Когда реальность — это «кажимое», то такое же «кажимое» — и утверждение исследователя о том, что всё кажется. То есть исследователю попросту что‑то кажется. Ну или хочется что‑то думать — нравится жить в мире без реальности. Ведь исследователь тоже моделирует свой мир и через это либо расправляется со своими личными бесами, либо, наоборот, сливается с ними. Чем, собственно, занимаюсь сейчас и я. Я тоже теперь не могу стопроцентно утверждать, не есть ли реальность «ничто». Но даже если действительно нет никакой реальности, если мы действительно существуем в мире «кажимом», по сути, для нас ничего не меняется. Тогда мир тем более в наших руках, его тем более надо воспринимать как объект применения сил, хоть физических, хоть духовных. «Дело всё в том, что мы живём в воображаемом мире, мы сами творим его. И потому сами же зависим от его недостатков, но могли бы зависеть и от его достоинств». (Андрей Тарковский «Запечатлённое время».) Какая разница, мы созидаем из наличного или из неналичного, если на выходе всё равно получится созидаемое нами? Просто надо ответить себе на вопрос, в каком мире хочу жить лично я. Поэтому даже если описанное нами переформатирование культуры слишком субъективно, его всё равно необходимо проводить — всё другое в любом из случаев тоже субъективно, важно то, куда хотим идти лично мы.

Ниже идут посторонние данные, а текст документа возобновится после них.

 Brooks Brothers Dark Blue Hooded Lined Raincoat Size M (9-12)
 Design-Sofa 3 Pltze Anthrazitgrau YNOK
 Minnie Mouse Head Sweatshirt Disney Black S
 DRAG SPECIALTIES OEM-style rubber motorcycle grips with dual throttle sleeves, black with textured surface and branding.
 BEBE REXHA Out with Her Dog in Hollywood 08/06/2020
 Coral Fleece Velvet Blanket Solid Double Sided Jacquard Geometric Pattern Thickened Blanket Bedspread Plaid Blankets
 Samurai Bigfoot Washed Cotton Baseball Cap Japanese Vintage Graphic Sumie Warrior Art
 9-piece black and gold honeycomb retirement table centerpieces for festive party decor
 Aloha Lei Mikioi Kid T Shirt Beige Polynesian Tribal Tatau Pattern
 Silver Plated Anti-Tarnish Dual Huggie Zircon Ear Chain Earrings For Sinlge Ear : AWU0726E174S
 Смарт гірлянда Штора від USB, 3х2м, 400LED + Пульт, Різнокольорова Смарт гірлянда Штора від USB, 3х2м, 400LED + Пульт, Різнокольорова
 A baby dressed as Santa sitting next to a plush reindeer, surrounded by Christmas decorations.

Что будет дальше — посмотрим, но сейчас мы не верим во внешнее спасение посредством революций: что называется, наглотались. Подзуживать других взяться за оружие и пойти переделывать мир — значит попросту перекладывать идею преображения на неповоротливые социальные суперсистемы. Тот, кто самоутверждается на других, притягивает людей, которые самоутверждаются на нём. Если мы тонем во лжи, мы естественным образом дождёмся лжи по отношению к себе. Если не тонем, а искренне расстраиваемся, когда она по отношению к нам возникает, — мы даже расстройством своим купируем ложь, превращаем её в нечто неестественное, нехарактерное для повседневности. Даже когда мы мечтаем, мы одновременно созидаем будущий мир. И уж точно — когда чувствуем. Чувствуя, мы духовно творим. Человек, желающий думать красиво, сам становится красивым, желающий наполняться любовью — получает любовь. Если мы стараемся ловить своим сознанием только самые прекрасные виды, то готовы впитывать и самые прекрасные мысли. Обретение внутренней красоты и гармонии есть способ преображения мира — на таком подходе держится представление о действенности молитвы, теория ноосферы и много ещё чего. Человек Достоевского, по Владимиру Соловьёву, вбирает в себя реальность и преобразует её собственной душой. Дело не в реальности-нереальности, а в том, какими красками мы покроем наличное окружающее. Красота создаётся внутри, а уж потом вовне — и только как производная от созданного внутри. Создавая себя, мы выводим наружу либо добро, либо зло. Если спасение мира хоть сколько‑нибудь возможно, то только через себя, конкретного субъекта с его неповторимыми данными. Через собственную духовную деятельность, через выстраивание актуального мира как продолжения и реализации духовного. Люди, сознательно формирующие свой образ, и есть то самое «иоанново царство», которое будет противостоять, а точнее, уже противостоит надвигающемуся царству тьмы. Наша свобода в том, чтобы «смоделировать» тот мир, в котором мы хотим пребывать, самостоятельно создать духовную объективность, за которой последует всё остальное.